THE PROBLEM: Leave every picture out and return the rest of the listing verbatim.

INFORMATION SHOWN:
BEGIN
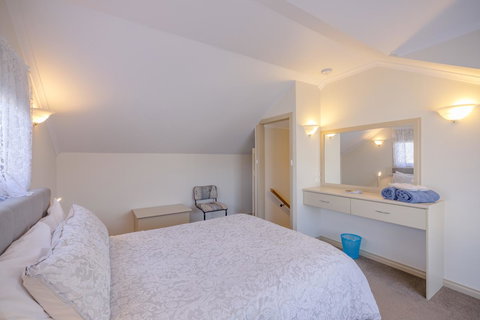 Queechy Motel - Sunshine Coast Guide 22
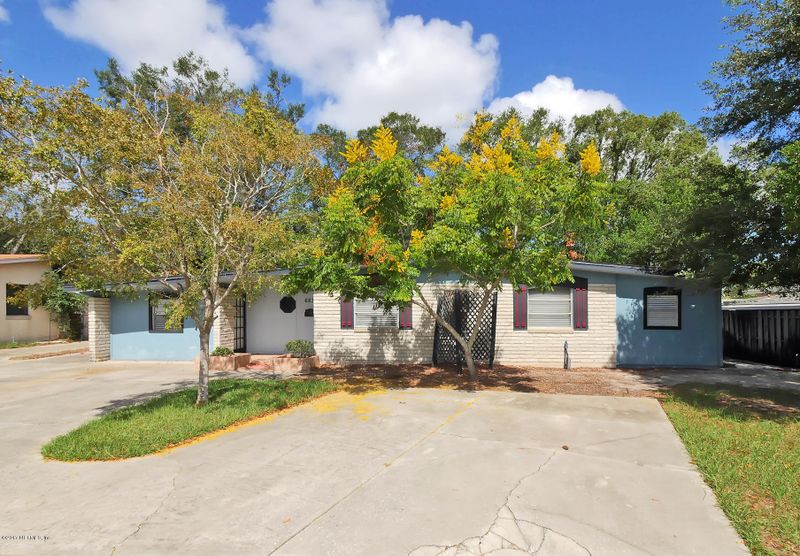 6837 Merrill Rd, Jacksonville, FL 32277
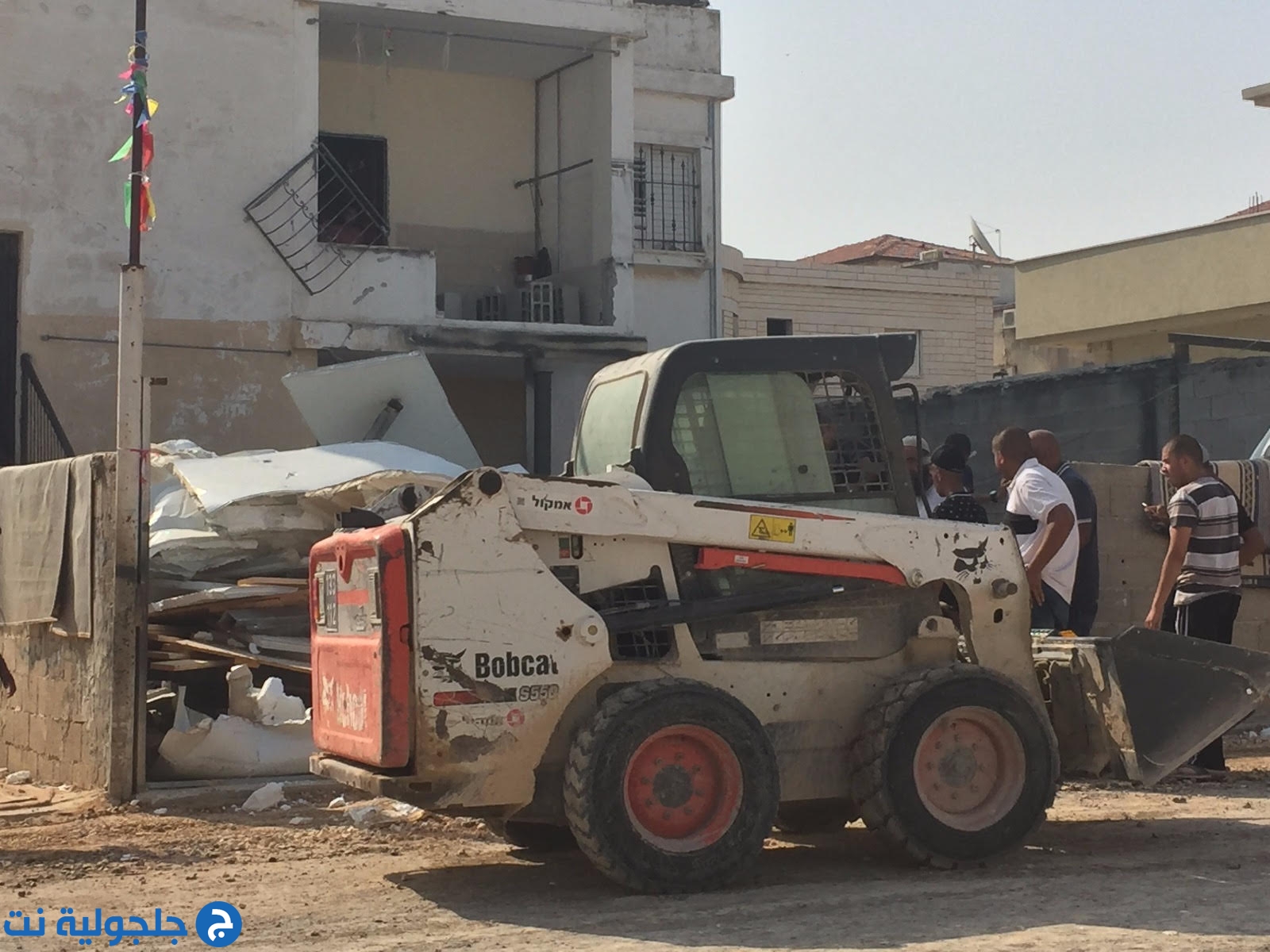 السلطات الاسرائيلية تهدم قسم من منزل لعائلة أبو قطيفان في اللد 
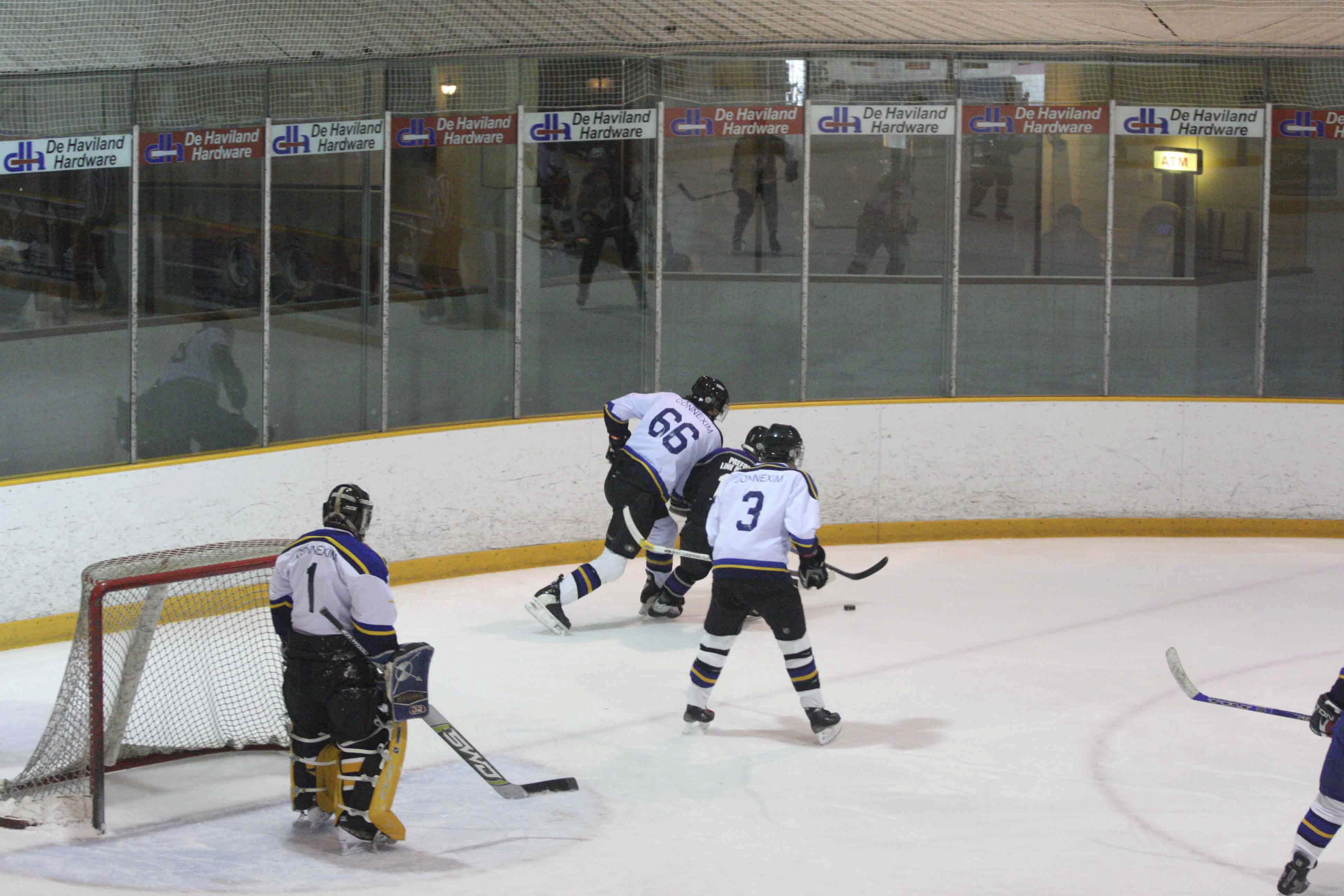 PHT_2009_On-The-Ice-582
END
RESPONSE:
 Queechy Motel - Sunshine Coast Guide 22
 6837 Merrill Rd, Jacksonville, FL 32277
 السلطات الاسرائيلية تهدم قسم من منزل لعائلة أبو قطيفان في اللد 
 PHT_2009_On-The-Ice-582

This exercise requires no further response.